Donc, il est dommage que compte tenu de la prévalence du sang et des seins, les familiarités des contes de fées (parmi eux une princesse en péril, un ogre et deux soeurs laides ) soient rendues inaccessibles, d’une certaine manière, aux yeux des plus jeunes. Le film adopte un ton intermittent qui risque de tromper un public cible. Une approche qui semble s’inspirer un peu trop du Pan’s Labyrinth.

Tale of tales

Tale of tales: Le côté obscur du conte merveilleux

Adapté de la collection de Giambattista Basile (Pentamerone) de fables napolitaines du 17e siècle, les trois histoires tressées ici, souffrent le plus de la ténuité de leur connexion. Chacun est enflammé par les actions d’un roi — un qui est trop dévoué ( John C. Reilly , pas le meilleur choix de distribution ), un abruti avec une puce monstrueuse ( Toby Jones, parfait dans le rôle ) et un dégénéré accro au sexe ( Vincent Cassel, un rôle commun pour lui  ). Chaque roi associe son monarque avec une femme en déficit et égoïste dont la quête obsessionnelle est soit la maternité (Salma Hayek), la beauté (Hayley Carmichael et Stacy Martin) ou le mariage (Bebe Cave). Et au fur et à mesure que les récits progressent, ils deviennent de plus en plus toqués et excessifs.
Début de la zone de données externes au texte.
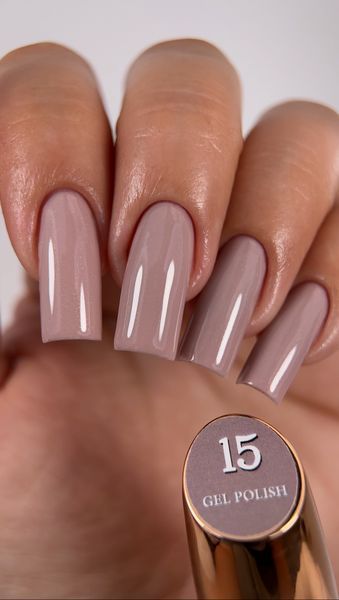 Гель лак - Без ТРО Steffani Color Gel polish №15 (9мл) - Світлий кремово-бежевий з шимером SGP09-15 фото
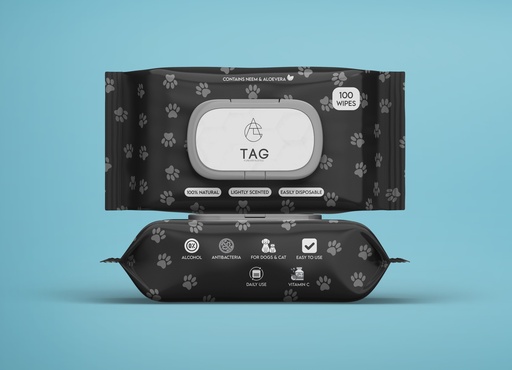 [SS25GHE004] TAG - Pet Cleaning Wipes (Pack Of 3)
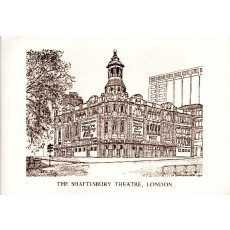 The Shaftsbury Theatre London Exterior (Notelets)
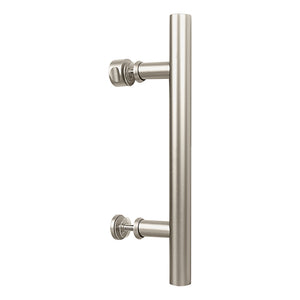 National Hardware Madison 31/32 in. D Satin Nickel Silver Steel Pull Handle N700-101 1 pc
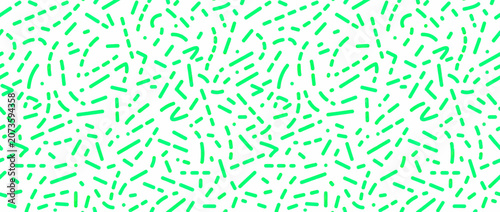 Abstract Green Dashes Pattern on White Background, Minimalist Design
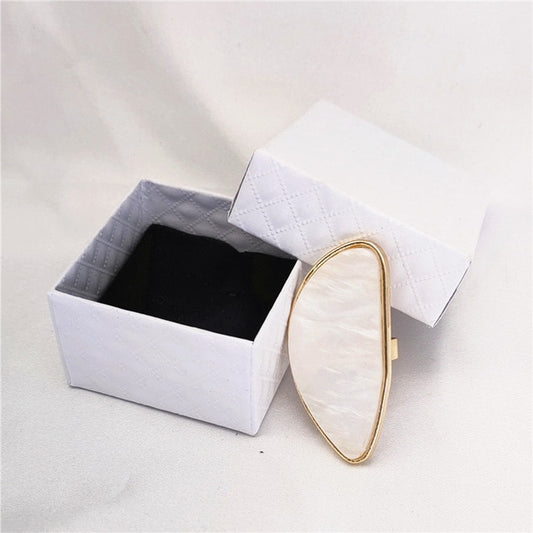 Acetate Plate Adjustable Ring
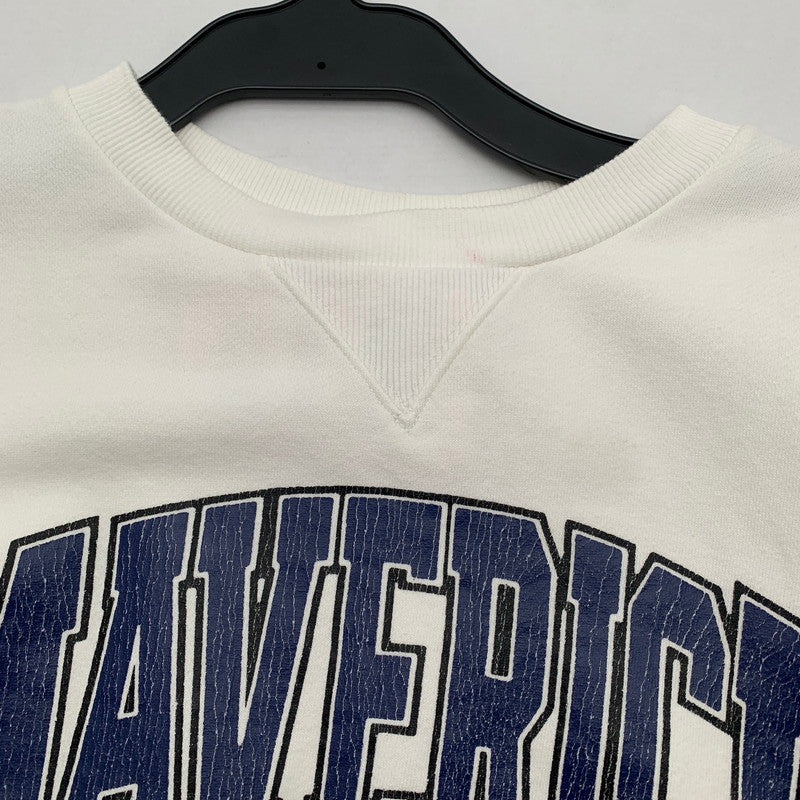 【中古品】【レディース】 MOUSSY マウジー スウェット SWEAT WHITE.MAVERICK SIZE:F 汚れあり 170-260702-io-24-fuzh 万代Net店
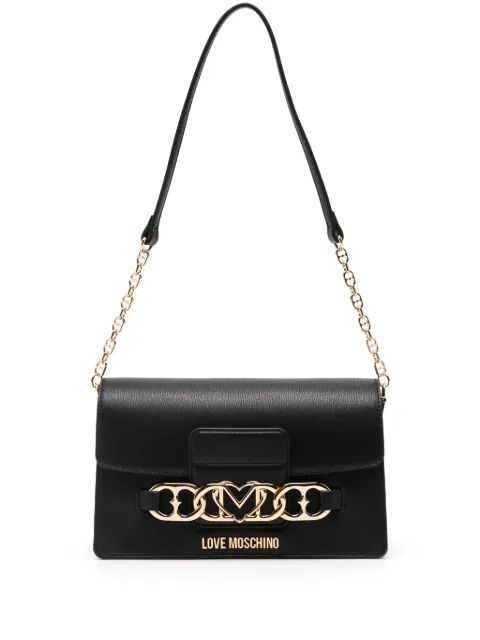 Love Moschino logo-plaque shoulder bag WOMEN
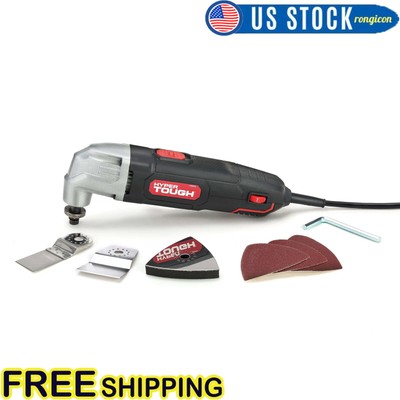 Oscillating Multi-function Tool Variable Speed w/ Hex Key Sanding Pad 2.1 AMP US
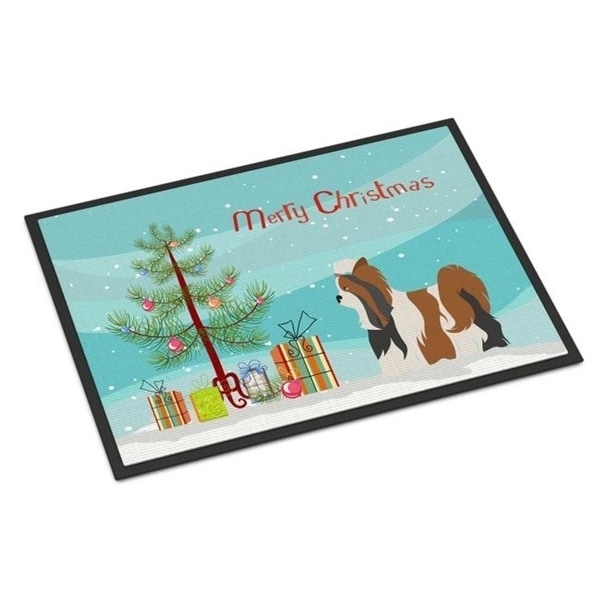 Carolines Treasures BB8470MAT Biewer Terrier Christmas Indoor or Outdoor Mat - 18 x 27 in.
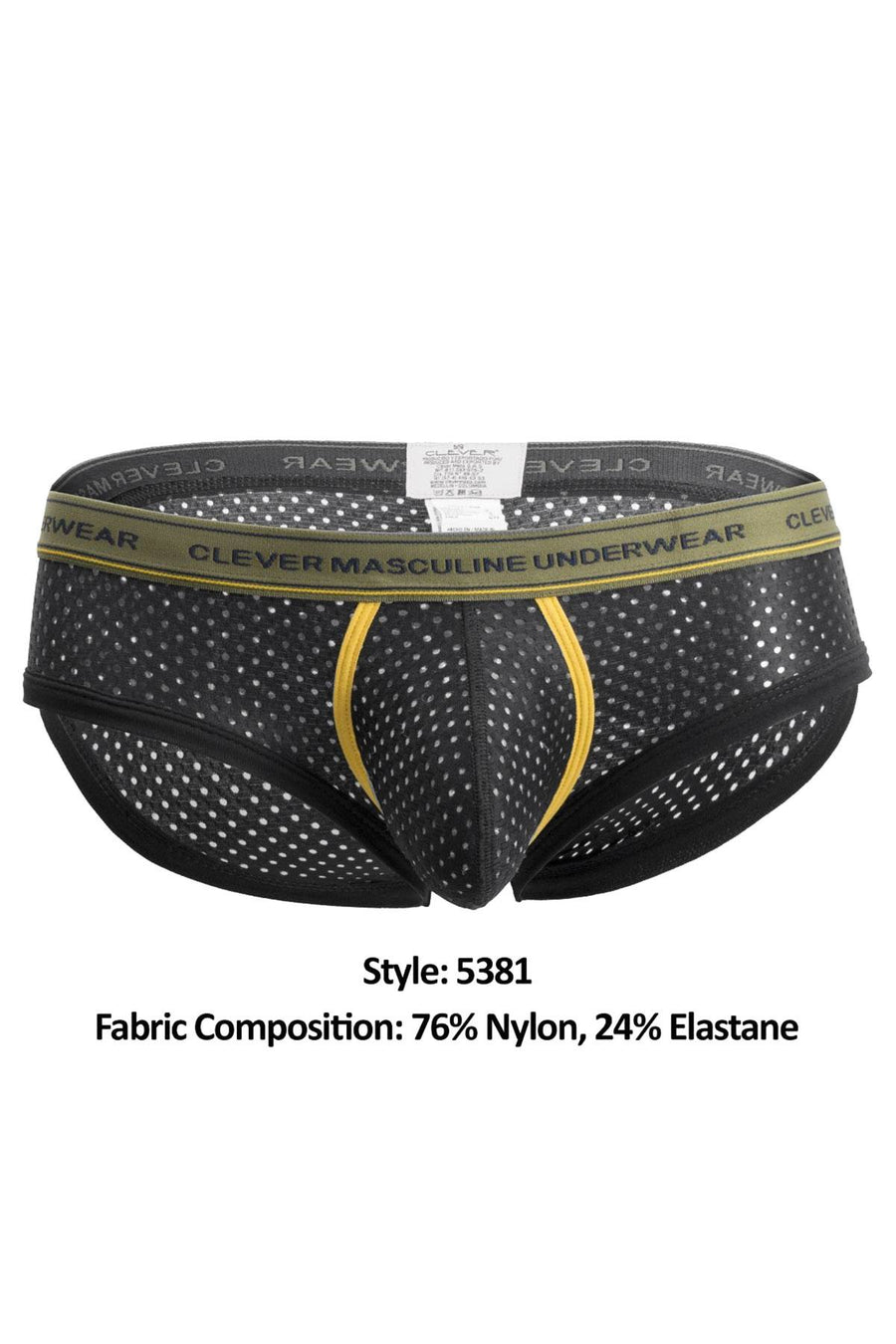Clever Black Cattleya Piping Brief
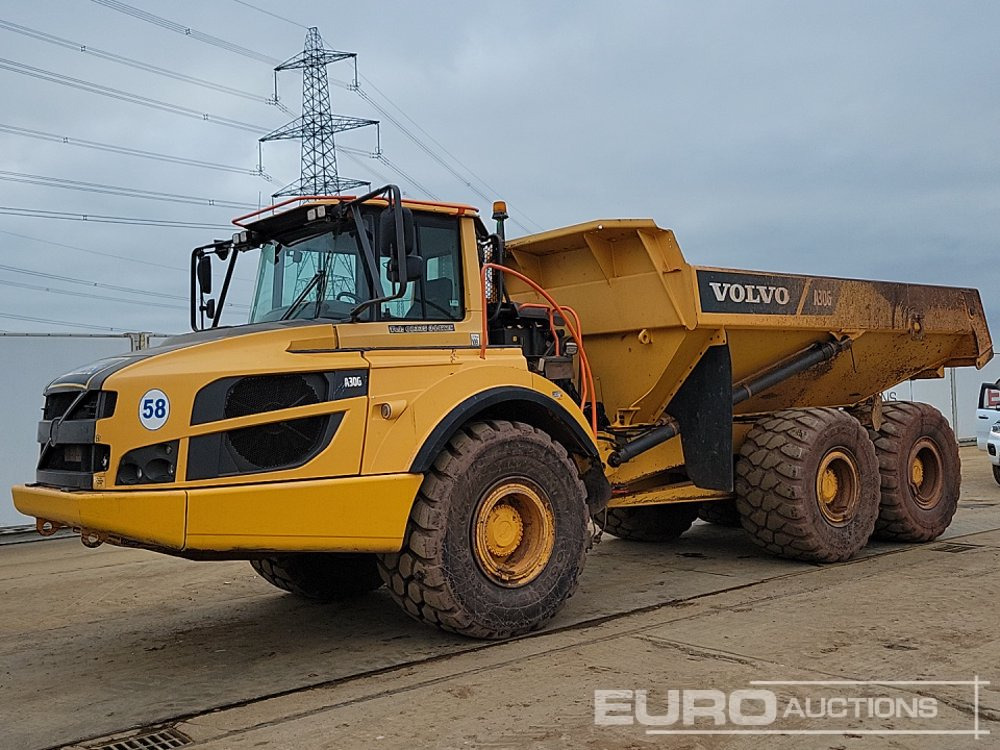 2014 Volvo A30G - Articulated dumper: picture 1 2014 Volvo A30G - Articulated dumper: picture 1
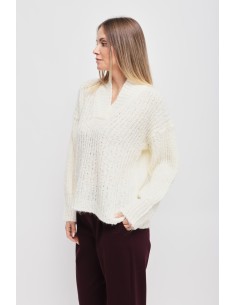 Camisola Mohair com Decote em V Maryley 2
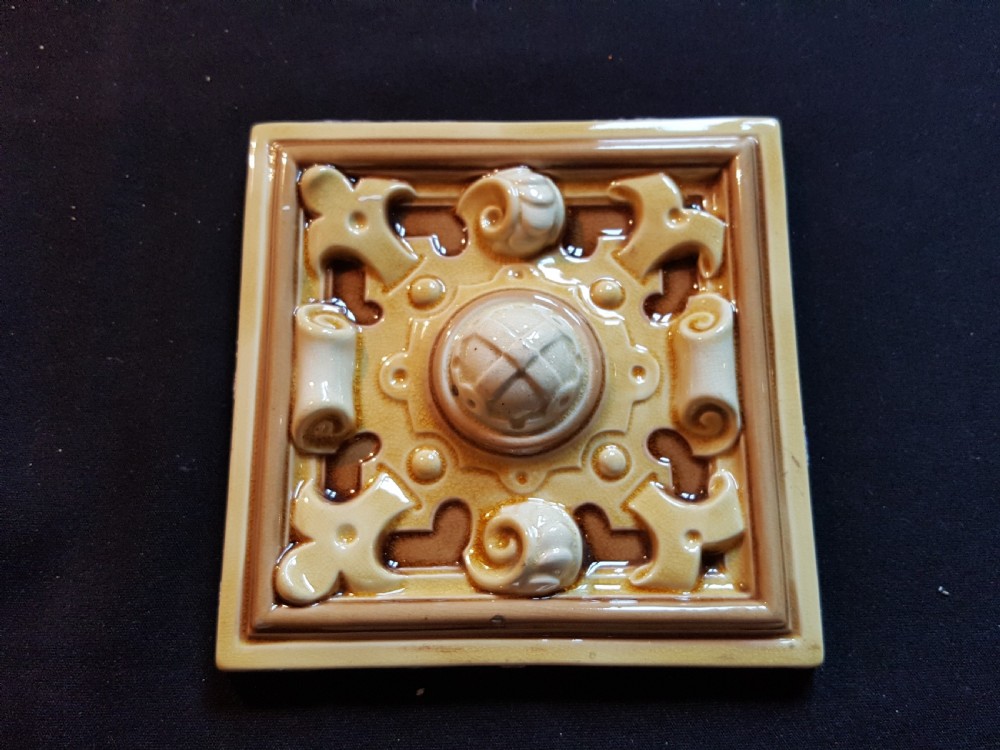 One Singular Victorian Ceramic Tile.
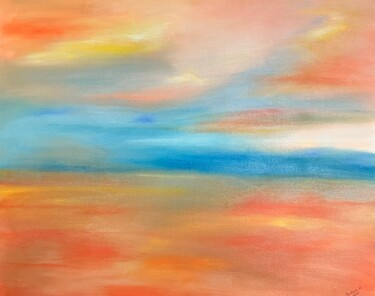 Peinture intitulée "Desert" par Barbara Wykrota, Œuvre d'art originale, Huile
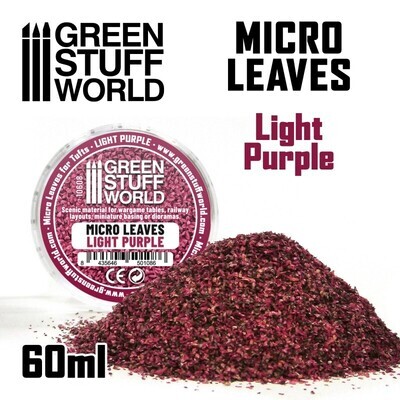 MIKROBLÄTTER - Mix hellviolett Micro Leaves Light Purple - Greenstuff World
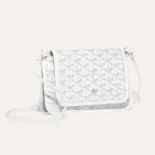 Goyard Women Plumet Pocket Wallet-White PLUMETPMLTY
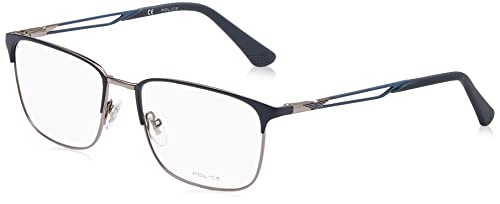 Police Vplf07 Gafas, Total Shiny Ruthenium W Coloured Parts, 56 Para Hombre Police Vplf07 Gafas, Total Shiny Ruthenium W Coloured Parts, 56 Para Hombre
À certains moments, le côté horrifiant éclipse la simple excentricité du film alors que la violence prend le dessus: les cous sont tranchés et brisés, la peau est collée et écorchée et les corps sont jetés d’une grande hauteur. Par contre, la véritable magie prospère dans l’océan et de la forêt, où les images sublimes du directeur photo Peter Suschitzky, tissent le merveilleux et le fantastique dans la vie quotidienne : le volume presque limpide d’un monstre marin qui somnole, son corps laiteux entouré par des courants ondulants ; une nymphe aux cheveux roux éclatant sommeillant dans une clairière couverte d’un drap de satin.

Des images surréelles comme celles-ci attribuent à Tale of Tales son coeur et son âme carnaval qui est le mieux distillée lorsque plongé dans l’obscénité timbré de certaines scènes comme celle dans laquelle un des rois, incarnés par Vincent Cassel, suce béatement le doigt d’une femme timide à travers une porte. Tale of Tales est un film typiquement fantastique avec des paysages pittoresques et grotesques, mais portant un contexte moral un peu démodé pour une génération qui est ancrée à l’ère des réseaux sociaux.